Foreign Bank Supervision

U.S. regulators are committed to the principle of national treatment. They usually bend over backward to give foreign banks a fair shake. What is critical with banks operating across borders is the exchange of information, so that a level of confidence is built concerning the ability of diverse regulatory regimes to adequately police their banks. No central bank has a monopoly on best practice, and what is to be expected is a continuing convergence toward standards of best practice.

One question that remains at the forefront is, How can branches of banks outside their home countries best be regulated? In the past few years, it was proposed by some that foreign banks should be required to convert their U.S. banking operations into separately capitalized subsidiaries. The issue was thought to have been put to rest by a study by the Department of the Treasury and the Federal Reserve supporting the branch concept.8 However, the issue came to the fore again in the Senate’s version of the legislation permitting interstate banking, which would have required foreign banks to act through subsidiaries if they wanted to take advantage of the new legislative authority.9 The very arguments supporting the ability of U.S. banks to branch nationwide, which have now been accepted by Congress, support the rationale for allowing international banks to branch worldwide. These persuasive arguments are accepted by most regulators.
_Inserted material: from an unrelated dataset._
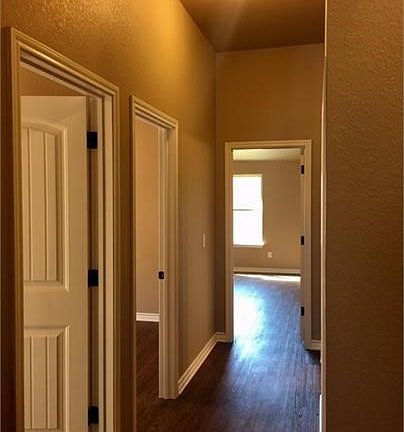 4th image of 505 Sladecek Dr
It is nevertheless the case that branch operations in host countries pose many conceptual issues. In the United States, for example, the regulatory paradigm is the bank holding company, and direct branch operations do not always match that paradigm easily. Regulators at both the federal and state levels are making efforts to come to grips with these issues, such as how to handle the insolvency of a U.S. branch of a foreign bank. Many solutions require international dialogue. For example, what approach is best for supervising a branch? In the European Community, under the Second Banking Directive, the host country defers significantly to the home country regulators with respect to branch operations.10 In the United States, in contrast, regulators are developing specific guidelines for U.S. branches of foreign banks to follow in conducting their operations. There is definitely a divergence in approach here. Furthermore, what is a branch? U.S. regulators tend to treat branches as stand-alone entities, which are expected to contain within themselves internal control systems similar to those found in U.S. banks. However, the control systems may exist in the home country outside the branch, even though they effectively reach the branch. Credit decisions, for example, may be made at the head office or in a non-U.S. office that has overall credit control over a multinational company. U.S. regulators, however, require that the credit decision be within the branch’s control, as their supervisory oversight or responsibility does not reach the offshore point.

It is very important that the branch concept be supported worldwide, but an active dialogue on the consequent supervisory issues is essential. That dialogue falls properly within the central bank lawyer’s sphere of responsibility. In addition, bankers should continue to be included in the discussions because of the significant practical consequences of the resolution of this issue.